Comparative study of sublingual misoprostol (PGE1) versus intracervical dinoprostone (PGE2) for induction of labour in nulliparous postdated pregnancy

Author(s): Swopna Susmita Majhi1, Mahija Sahu2, Shantisena Mishra3, Saroj Shekhar Rath4, Swapna Mahapatra5
1Junior Resident, Department of Obstretics & Gynecology, MKCG Medical College, Berhampur, Odisha, India.
2Professor, Department of Obstretics & Gynecology, MKCG Medical College, Berhampur, Odisha, India.
3Professor, Department of Pediatrics, Bhima Bhoi Medical College Balangir Odisha, India.

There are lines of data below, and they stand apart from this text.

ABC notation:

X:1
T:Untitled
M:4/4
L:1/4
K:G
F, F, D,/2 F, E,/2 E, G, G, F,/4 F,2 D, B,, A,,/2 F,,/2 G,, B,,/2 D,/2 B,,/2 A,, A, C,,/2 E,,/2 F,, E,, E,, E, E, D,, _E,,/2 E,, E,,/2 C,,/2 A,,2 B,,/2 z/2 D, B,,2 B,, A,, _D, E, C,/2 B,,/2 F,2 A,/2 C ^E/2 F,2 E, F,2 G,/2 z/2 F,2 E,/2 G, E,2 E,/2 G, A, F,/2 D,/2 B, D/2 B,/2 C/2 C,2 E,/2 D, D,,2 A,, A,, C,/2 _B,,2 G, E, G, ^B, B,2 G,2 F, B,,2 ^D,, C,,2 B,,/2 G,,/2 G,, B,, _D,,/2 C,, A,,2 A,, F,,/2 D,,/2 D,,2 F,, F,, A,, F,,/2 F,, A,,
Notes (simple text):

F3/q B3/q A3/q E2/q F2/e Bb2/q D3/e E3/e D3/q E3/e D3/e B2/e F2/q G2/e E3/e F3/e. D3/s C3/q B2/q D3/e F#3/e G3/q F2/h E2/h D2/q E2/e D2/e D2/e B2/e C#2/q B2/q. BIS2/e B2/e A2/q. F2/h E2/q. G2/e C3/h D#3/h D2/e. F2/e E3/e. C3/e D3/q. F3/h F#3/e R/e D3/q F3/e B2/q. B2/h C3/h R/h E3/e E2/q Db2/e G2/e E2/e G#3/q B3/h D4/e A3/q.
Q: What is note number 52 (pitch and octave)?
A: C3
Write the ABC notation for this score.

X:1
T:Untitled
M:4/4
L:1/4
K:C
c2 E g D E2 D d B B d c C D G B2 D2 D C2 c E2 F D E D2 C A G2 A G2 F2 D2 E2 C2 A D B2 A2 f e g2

4Associate Professor, Department of Pediatrics, MKCG Medical College Berhampur. Odisha, India.
5Assistant Professor, Department of Pharmacology, MKCG Medical College, Berhampur, Odisha, India.
Copyright © Swopna Susmita Majhi, Mahija Sahu, Shantisena Mishra, Saroj Shekhar Rath, Swapna Mahapatra. This is an open access article distributed under the Creative Commons Attribution License, which permits unrestricted use, distribution, and reproduction in any medium, provided the original work is properly cited.

Abstract

Objective: To compare the efficacy of sublingual misoprostol tablet and intracervical dinoprostone gel for induction of labour in nulliparous postdated pregnancy and assess the maternal and fetal outcome after induction.

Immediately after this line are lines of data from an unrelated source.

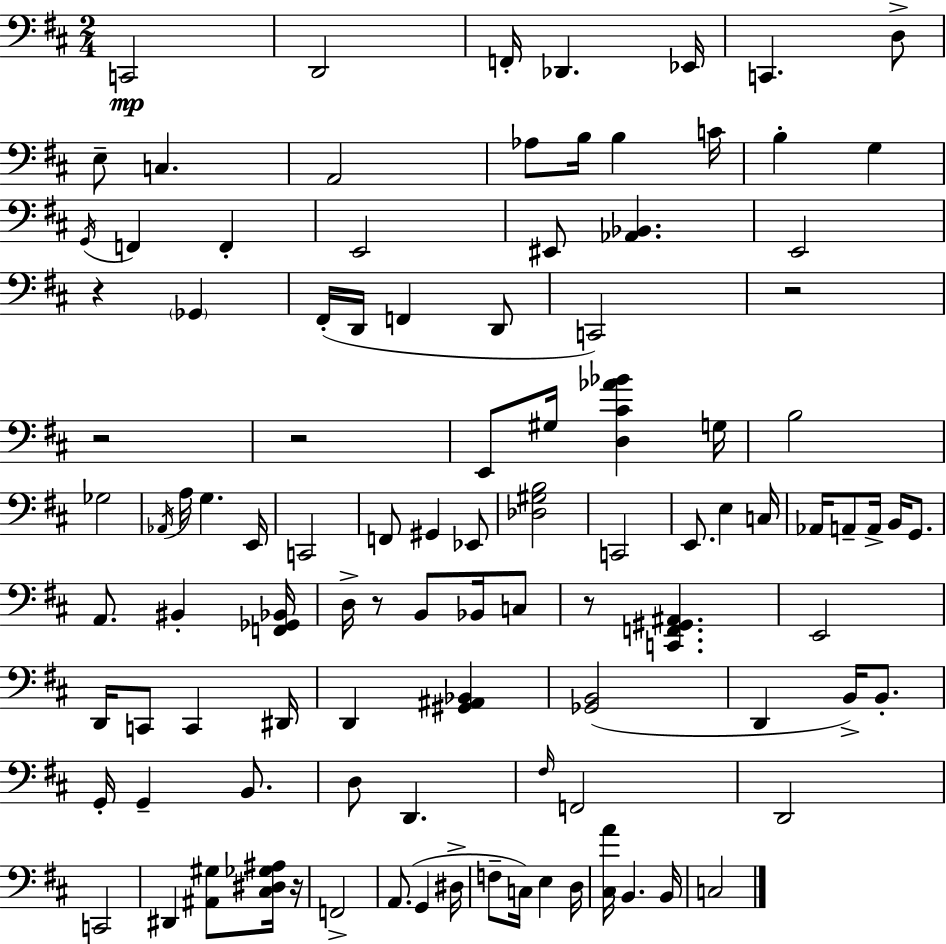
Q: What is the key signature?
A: D major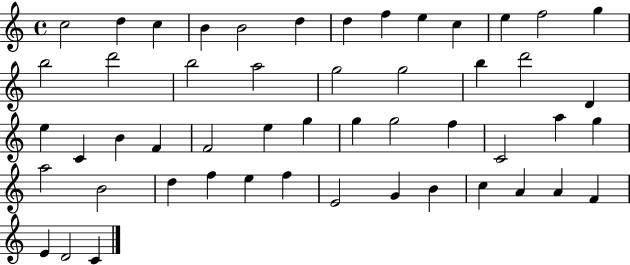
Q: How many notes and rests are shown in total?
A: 51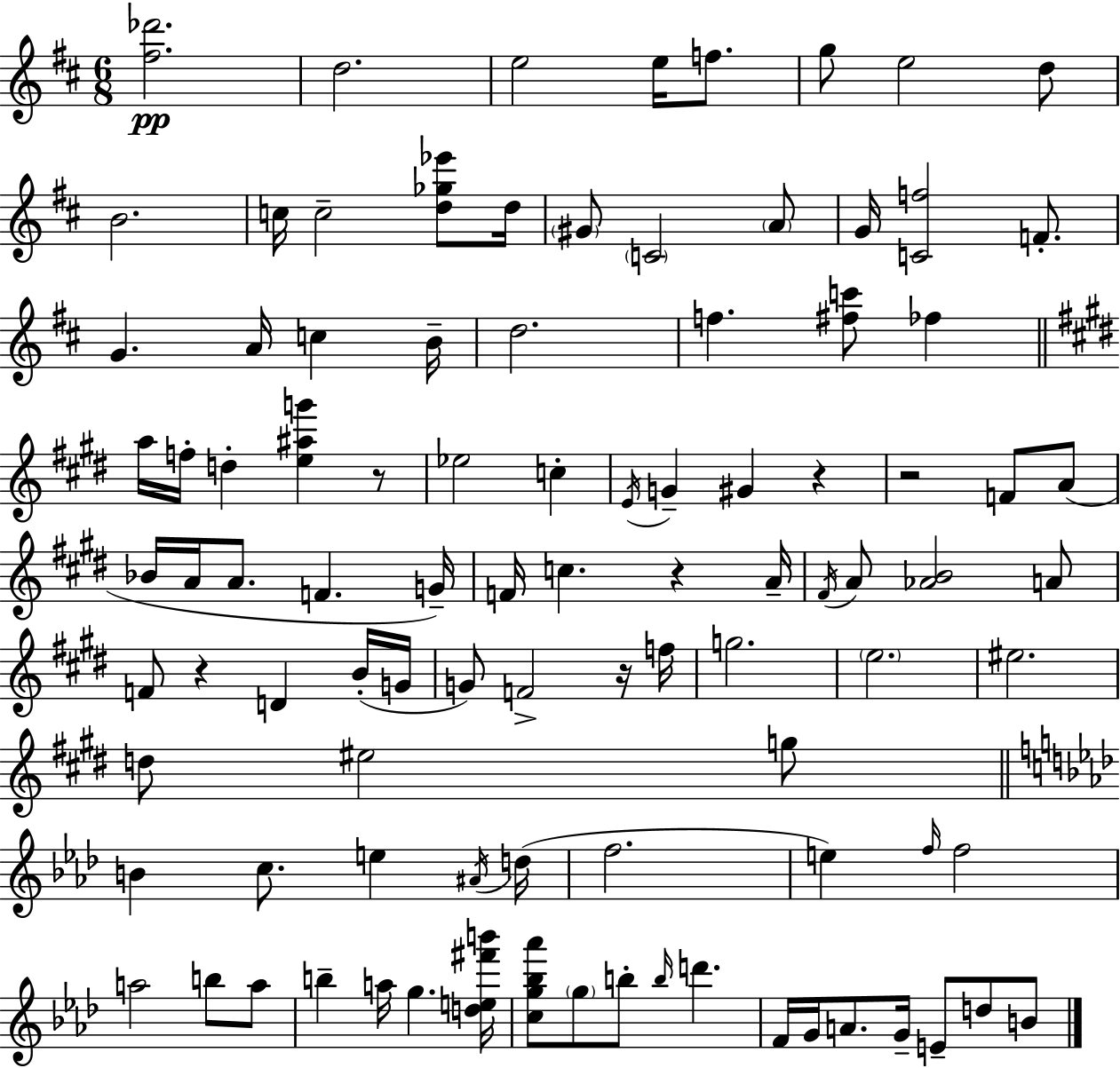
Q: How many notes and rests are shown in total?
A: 97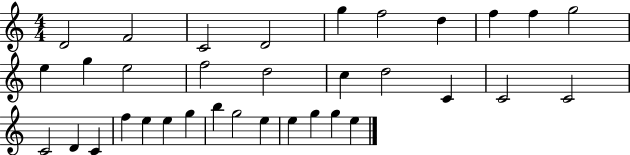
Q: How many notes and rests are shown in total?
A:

Methodology: It is a prospective randomized controlled study conducted over a period of 2 years (nov 2020 to nov 2022), in dept. of obstetrics and gynecology, mkcg mch. Out of 200 cases 100 cases were given sublingual misoprostol tablet (Group 1) and rest were given intracervical dinoprostone gel (Group 2). The efficacy of both the drugs were assessed by favorability of Bishop’s score at 24 hours, need of augmentation with oxytocin, drug administration to delivery interval, mode of delivery, APGAR score, NICU admission, maternal complication and number of failed induction, data was analyzed description statistics and chi square test.

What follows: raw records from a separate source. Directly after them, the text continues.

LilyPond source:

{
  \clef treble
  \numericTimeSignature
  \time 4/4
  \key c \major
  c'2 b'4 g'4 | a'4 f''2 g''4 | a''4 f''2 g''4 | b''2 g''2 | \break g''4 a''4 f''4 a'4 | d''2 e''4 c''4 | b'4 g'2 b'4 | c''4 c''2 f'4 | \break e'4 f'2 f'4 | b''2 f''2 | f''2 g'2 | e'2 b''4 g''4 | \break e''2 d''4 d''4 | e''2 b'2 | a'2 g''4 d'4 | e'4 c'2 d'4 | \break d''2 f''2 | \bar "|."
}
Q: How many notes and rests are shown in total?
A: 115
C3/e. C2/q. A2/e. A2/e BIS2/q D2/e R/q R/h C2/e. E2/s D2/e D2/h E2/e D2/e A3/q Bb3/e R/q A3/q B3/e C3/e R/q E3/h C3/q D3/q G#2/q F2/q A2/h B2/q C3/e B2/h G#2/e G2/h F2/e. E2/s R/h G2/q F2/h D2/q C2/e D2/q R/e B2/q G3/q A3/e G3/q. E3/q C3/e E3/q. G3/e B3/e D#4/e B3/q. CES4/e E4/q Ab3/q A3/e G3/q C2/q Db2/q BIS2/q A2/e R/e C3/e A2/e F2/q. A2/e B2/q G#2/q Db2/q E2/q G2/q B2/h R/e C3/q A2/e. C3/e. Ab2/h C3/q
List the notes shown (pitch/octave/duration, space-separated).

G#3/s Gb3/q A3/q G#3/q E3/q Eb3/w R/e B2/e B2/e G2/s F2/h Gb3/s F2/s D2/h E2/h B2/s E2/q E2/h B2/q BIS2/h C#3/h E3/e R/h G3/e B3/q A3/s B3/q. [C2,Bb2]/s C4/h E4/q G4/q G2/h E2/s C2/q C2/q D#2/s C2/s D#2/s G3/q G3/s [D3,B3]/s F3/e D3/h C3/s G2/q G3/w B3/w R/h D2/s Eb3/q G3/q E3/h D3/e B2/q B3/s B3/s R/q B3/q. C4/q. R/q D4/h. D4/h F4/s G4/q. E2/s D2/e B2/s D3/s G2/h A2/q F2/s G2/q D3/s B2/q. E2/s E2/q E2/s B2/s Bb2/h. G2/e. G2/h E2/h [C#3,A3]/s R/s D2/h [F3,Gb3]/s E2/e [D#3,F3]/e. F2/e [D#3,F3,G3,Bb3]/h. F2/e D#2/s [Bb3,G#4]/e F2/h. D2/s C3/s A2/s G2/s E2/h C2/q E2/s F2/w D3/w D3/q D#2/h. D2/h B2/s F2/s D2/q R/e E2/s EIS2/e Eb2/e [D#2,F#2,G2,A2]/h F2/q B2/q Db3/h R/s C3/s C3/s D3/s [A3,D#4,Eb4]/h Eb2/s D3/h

Result: Mean Drug administration to delivery interval was shorter and significant (18. 53hours vs 20.42) hours, p-value 0.0018). Need for augmentation (48 vs 65, p-value 0.0125), failed induction rate (5 vs 11), post-delivery mean blood loss( 436.50mL vs 516 mL, p value- 0.0173) were significantly lower with misoprostol group. NICU admission was lower in dinoprostone group (7 vs 14).
Conclusion: Sublingual misoprostol tablet is efficacious in inducing labour, with shorter drug administration to induction interval, and higher vaginal delivery rate as compared to dinoprostone gel.

Keywords: Dinoprostone gel; Misoprostol tablet; Induction of labour; Drug administration to delivery interval.